Retail Bankruptcy Outlook for Second Half of 2011

This blog discusses the retail bankruptcy outlook for the second half of 2011 and the associated economic forces behind our outlook. Some of the major drivers that will impact retail bankruptcies include consumer confidence, continued unemployment, and rising commodity prices.

Consumer Confidence:

According to the Conference Board, the consumer confidence index declined 5.2 points in May. The proportion of consumers expecting business conditions to improve over the next six months declined, and those anticipating worsening conditions increased. Consumers appear to be more cautious when spending for clothing and other items, as rising gas and food prices take up a bigger chunk of their disposable income, raising some concern about a possible slowdown in sales over the summer and into the critical back-to-school period. 
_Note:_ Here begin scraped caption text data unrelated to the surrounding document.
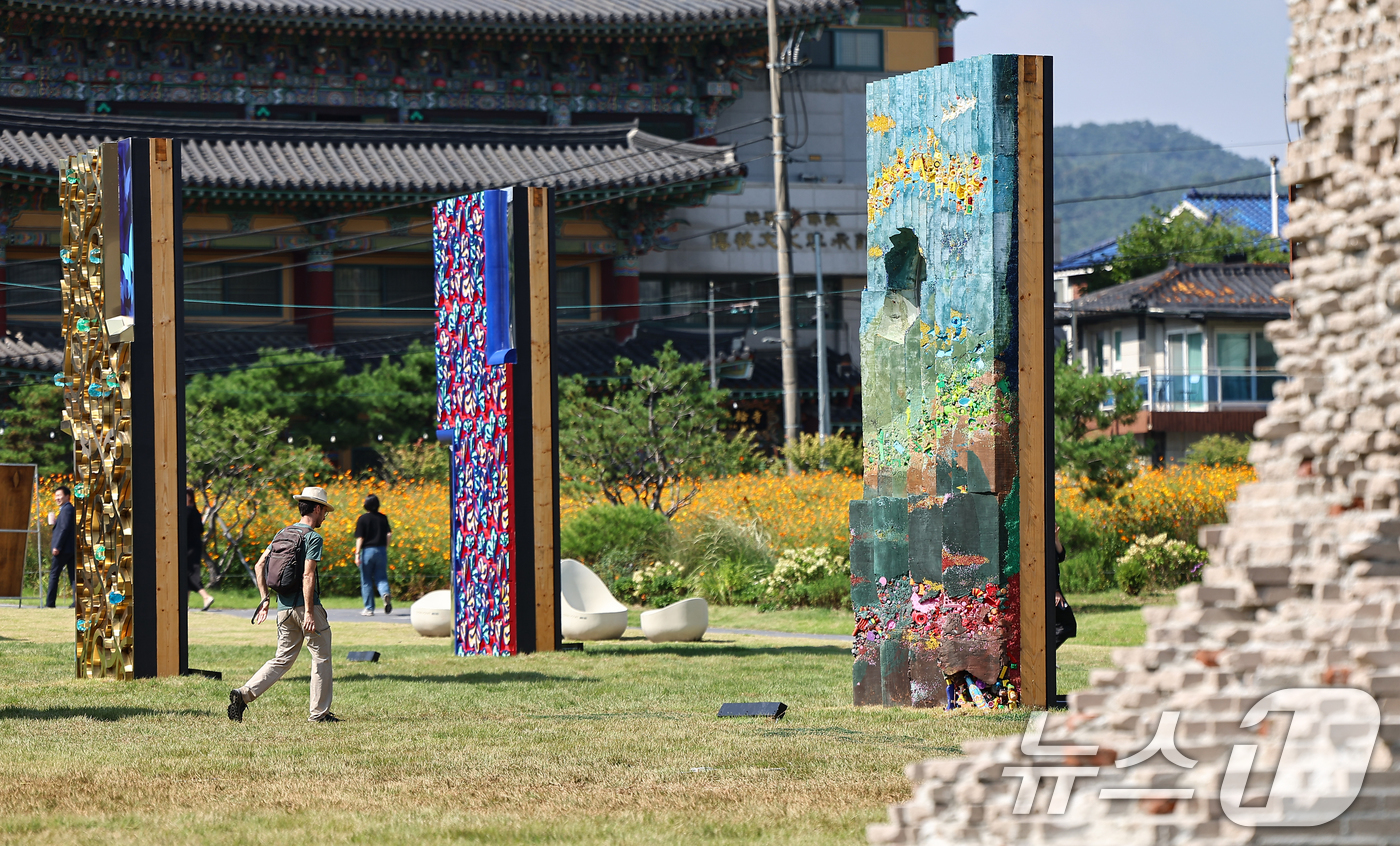 (서울=뉴스1) 김도우 기자 = 서울시가 2년마다 개최하는 국제 행사 '서울도시건축비엔날레' 개막일인 26일 서울 종로구 열린송현 녹지광장에 조형물들이 설치돼 있다. 2025.9. …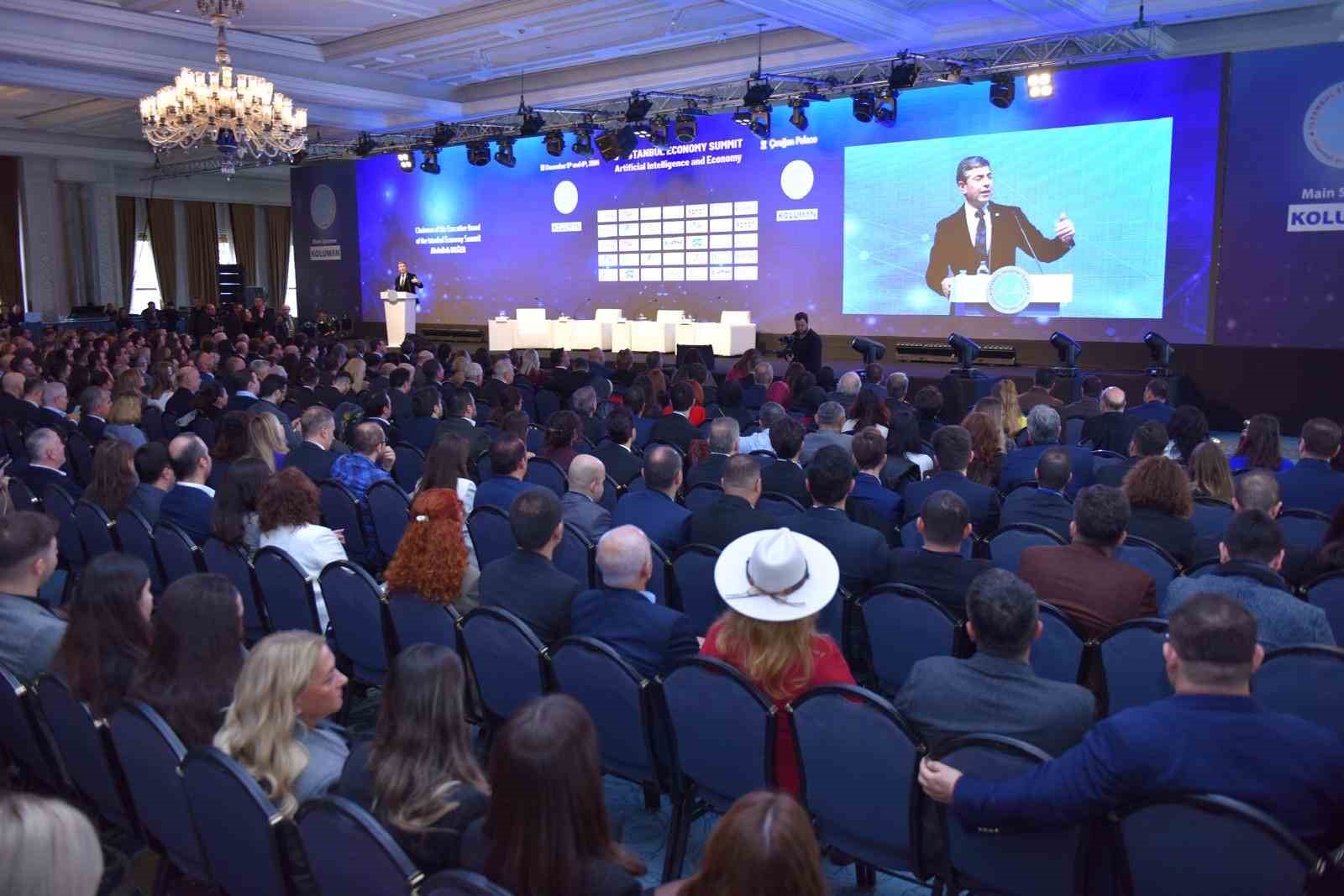 İSTANBUL EKONOMİ ZİRVESİ'NDE YAPAY ZEKA TEKNOLOJİLERİ İŞ DÜNYASIYLA ENTEGRASYONUNUN ÖNEMİ KONUŞULDU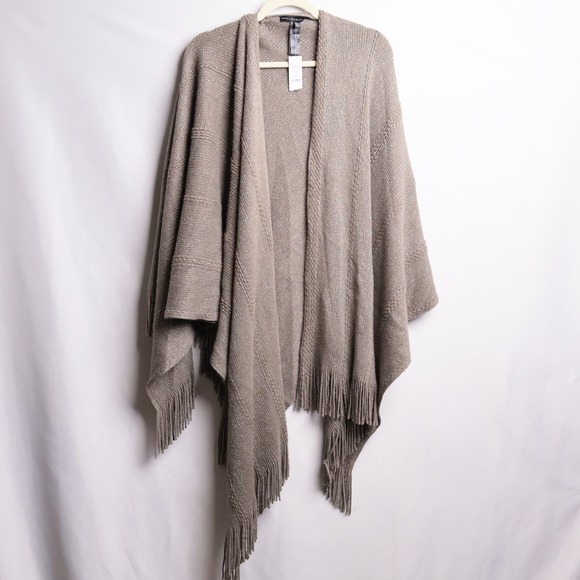 White House Black Market Accessories - White House Black Market Yarn Ruana Womens M/L Mercury New Metallic Fringe Wrap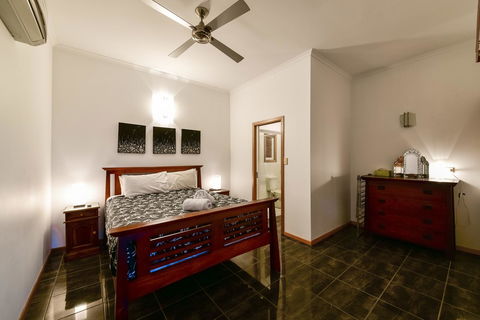 Bella Vista On Nara Pets Welcome - Accommodation ACT 21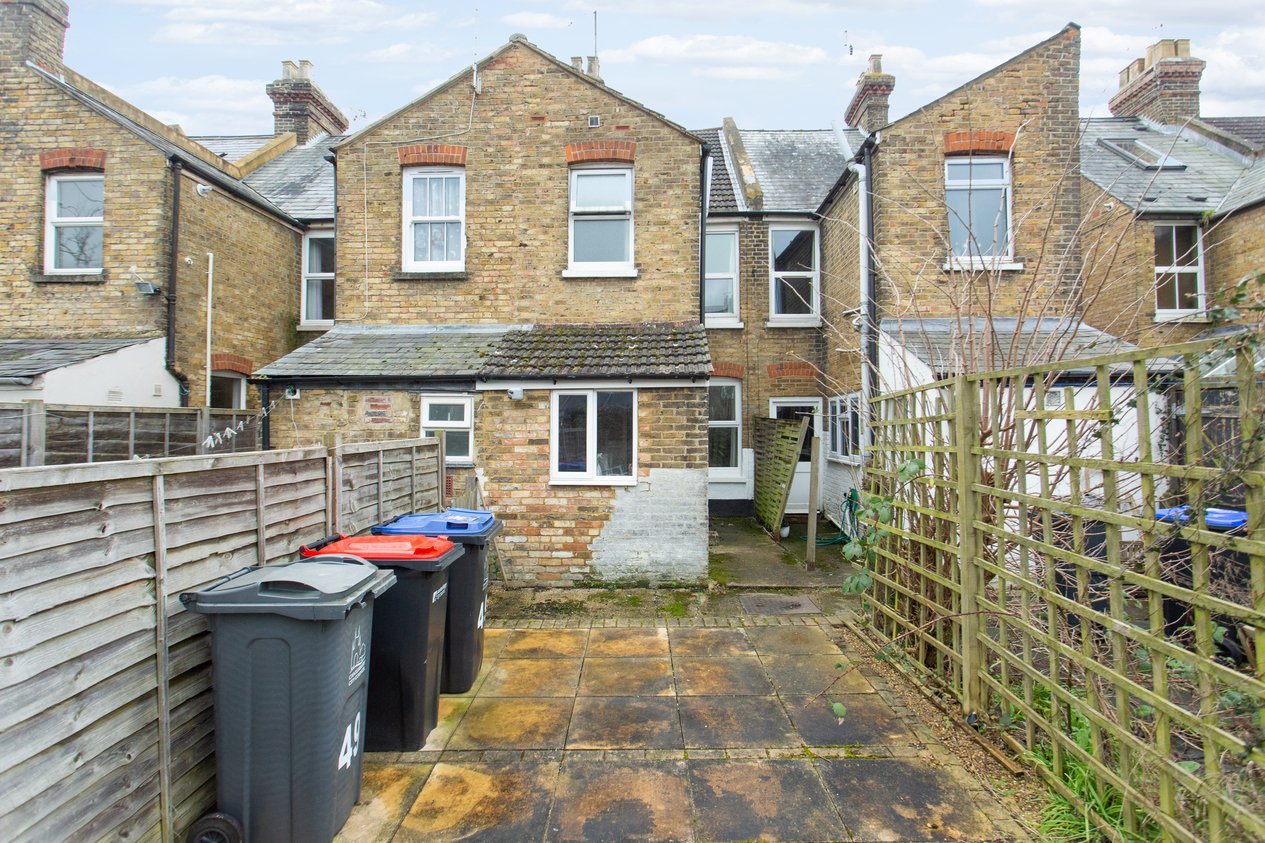 Properties Under Offer in St. Peters Grove Canterbury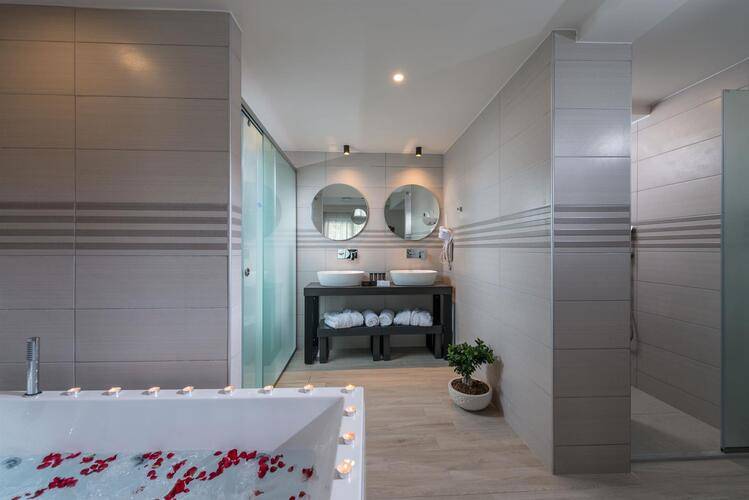 Chc Imperial Palace (Adults Only 16+)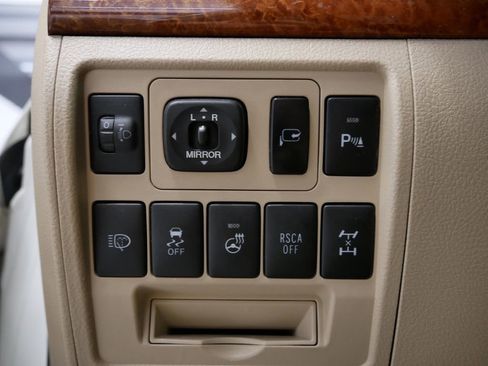 Used 2015 Toyota Land Cruiser image 26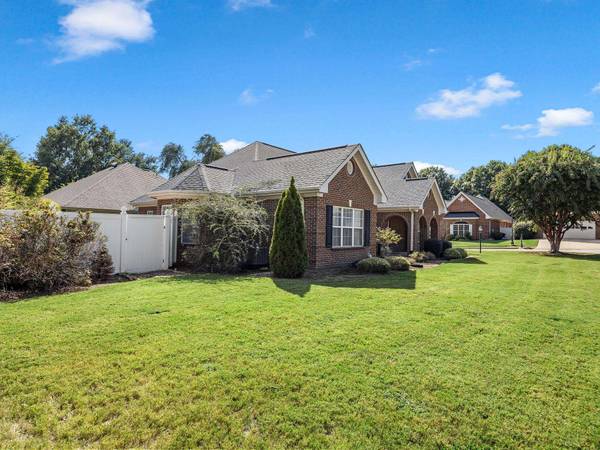 101 Banbury CIR, Simpsonville, SC 29681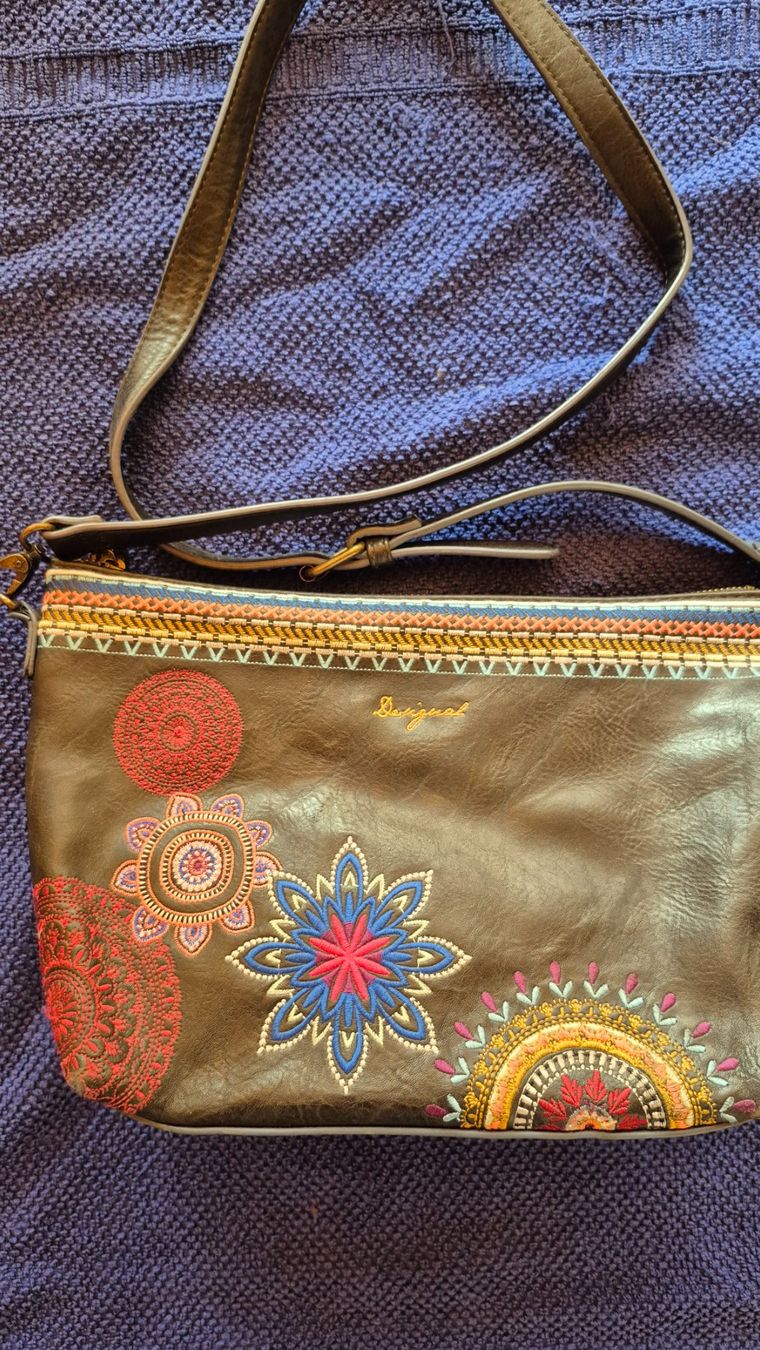 Desigual Borse da donna: Handtasche Desigual – Usato da Liestal venduto da Sigold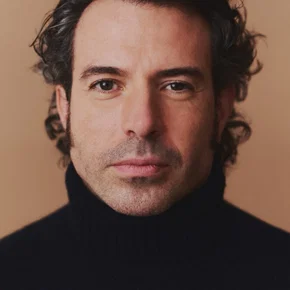 Photo star :  Tom Cullen
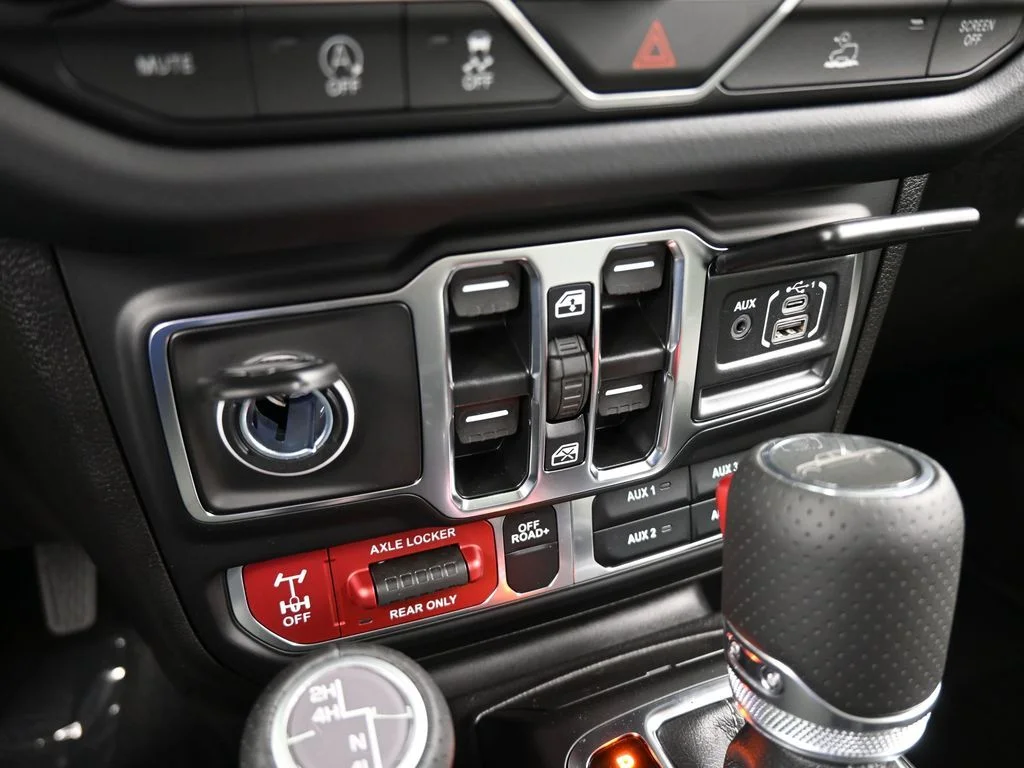 2026 Jeep Gladiator Mojave - Photo 18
Rising Inflation and Commodity Costs:

The U.S. inflation rate raced to 3.2% for the 12 months ending April 2011, a two and a half year high, as gasoline and food prices spiked. The rapid increase in inflation has left wages trailing. Many Americans are now worried about the squeeze on their personal finances and are cutting spending to cope with rising prices. Average hourly earnings, when adjusted for inflation, have dropped 1.2% for the trailing 12 months ending April 2011. In addition, due to rising prices of commodities from cotton to copper, retailers are being forced to pass along some of these higher costs, which is likely to dampen retail sales.

Continued Unemployment:

As discussed in our October 2010 blog, the unemployment rate is a very strong indicator of retail sales. Currently, unemployment levels remain high at 9.1%, and job creation remains low. According to the ADP payroll report released on June 1, only 38,000 jobs in the nonfarm private-business sector were created in May (78% less than forecast). The poor employment numbers will potentially restrain consumers from making impulse purchases thereby constraining retail sales. In fact, major retail chains reported a modest 4.9% gain in sales last month compared with a year earlier, below analysts’ predictions of a 5.4% rise, according to Thomson Reuters’ tally of 24 retailers released on June 2.


Over the past year, many retailers have restructured their operations and balance sheets and are generally healthier than they were a year ago. As a result, we think that the number of retail bankruptcy filings in the second half of this year will likely be similar to last year. While inflation and raw material price increases will negatively affect retailers’ profitability margins, this likely will not result in a large number of bankruptcies. However, if margin pressures are too high and costs increase beyond recent estimates for the second half of the year, we believe retailers in the apparel, furniture and restaurant sectors will be at the highest risk. For example, in the restaurant sector, we have already seen the fast food chain Sbarro file for bankruptcy, along with several other restaurant franchisees. In addition, with the slow housing market recovery, furniture retailers have suffered a great deal, and this trend looks like it will continue.

Do you think the number of retail bankruptcy filings in the 2nd half of 2011 will increase over last year?